La Révolution elle-même respecta cette jurisprudence[1], dont la loi du 9 janvier 1852, les décrets du 4 juillet 1853 et du 8 février 1868 ne firent qu’amender légèrement les dispositions. Jusqu’en 1868 néanmoins, et par tolérance, le droit d’employer à la récolte « des individus étrangers à la commune » était laissé aux propriétaires riverains, à l’exception des non-domiciliés. Cette disposition prêtant à équivoque, un décret complémentaire fut rendu, en date du 31 mars 1873, qui spécifiait que les non-domiciliés ne pourraient plus employer à la récolte que des habitans de la commune. On croyait la question réglée. Mais, à la faveur de l’article 2 de la nouvelle loi, « un nombre considérable d’étrangers aux communes riveraines y achetèrent, pour se constituer un droit à la récolte, des parcelles insignifiantes, souvent incultes et n’ayant même pas toujours de limites déterminées.

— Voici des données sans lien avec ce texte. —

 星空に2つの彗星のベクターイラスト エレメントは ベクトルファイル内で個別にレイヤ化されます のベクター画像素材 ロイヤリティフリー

Certains contrats de vente furent même passés au nom de plusieurs acquéreurs, de façon à conférer à chacun des propriétaires indivis le droit à la récolte. » {Circulaire du 15 fév. 1890.) Pour mettre un terme à ces abus, le ministre de la Marine demanda et obtint l’abrogation de l’article 2 du décret du 8 février 1808 et des dispositions du décret du 31 mars 1873 : à

  1. Il y eut bien un arrêté du représentant du peuple Lecarpentier, en date du 12 vendémiaire an II, qui enlevait le droit exclusif de coupe aux communes riveraines, pour le motif que « l’exclusion des communes non limitrophes était injurieuse à l’égalité, préjudiciable à la fécondité de la terre et qu’il en résultait une déperdition sensible du varech, dont le surplus n’était pas consommé par les privilégiés. » Mais cet arrêté ne tarda pas à être rapporté par un autre arrêté en date du 18 thermidur an X.